The weight stays remarkably flush to the bottom of your foot using this method, but with particularly heavy weights you could expect a slight bouncing effect as you move the weight.
Perhaps a more reliable alternative to the rope is to use a regular trousers belt.
This should be virtually impossible to come undone once it’s cinched.
Definitely a little more finnicky, but might be worthwhile if you didn’t want to go for the Omnistrap.
7. Nordic Strap
Another very simple option is to use a strap to secure the dumbbell to your foot.
This is a decent option if you’ve got a quality strap that’ll actually secure the dumbbell without coming loose.
If you use discount code “A1ATHLETE” you’ll get 10% off too!
8. Ankle Weights
Ankle weights are actually my least favorite solution to the MonkeyFeet connundrum.
I’ve tried these exercises before and they simply do not work amazingly well.
In my experience, the weight would slip and slide up and down my ankle, even when fastened as much as possible.

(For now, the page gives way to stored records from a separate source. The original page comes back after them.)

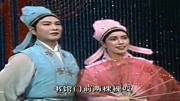 二人转《十八里相送》韩子平 董玮表演 经典好听 二人转全集下载下载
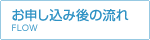 お申し込み後の流れ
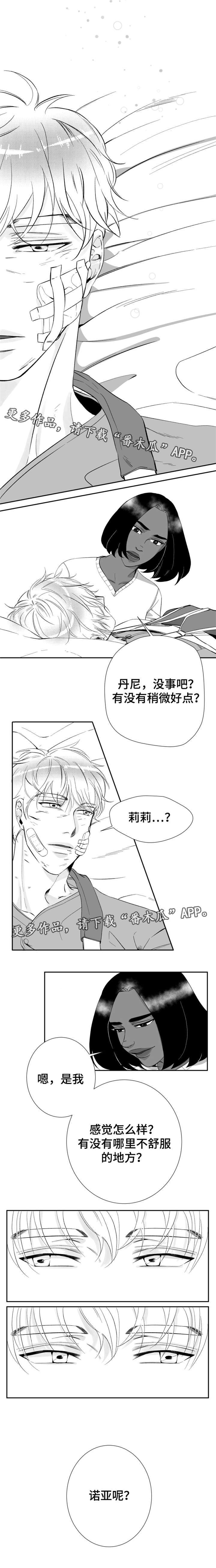 《诺亚笔记》漫画最新章节第23章：我是患者免费下拉式在线观看章节第【8】张图片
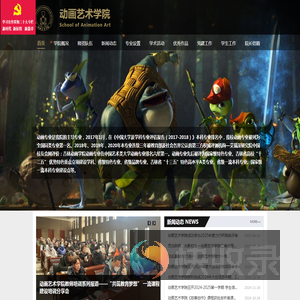 动画艺术学院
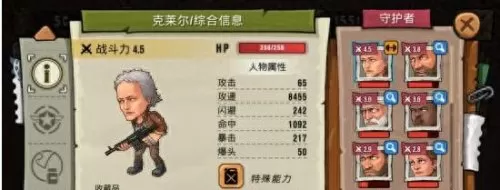 2021末日来袭阵容搭配　末日危机最佳阵容-第1张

If you were to do very slow and controlled reps, I’m sure this type of hip flexor exercise would be fine, but if you’re intending on driving that leg up with any degree of force, it will be very awkward.
If you’re going to do any sort of leg curl, you can also expect the ankle weights to slide around quite a bit and it’s a really yucky feeling!
It’s one of the worst workouts you can have, but likely better than nothing so if you’ve got some ankle weights, give it a go and see how it feels.
What’s The Verdict?
While the MonkeyFeet was a cool product when it first came out, I don’t think it’s worth the investment anymore.
There’s simply too many other great options on the market, like the Tri-Flexor or the Omnistrap.
I think you’d be crazy to buy a MonkeyFeet nowadays knowing about the alternatives we’ve discussed above!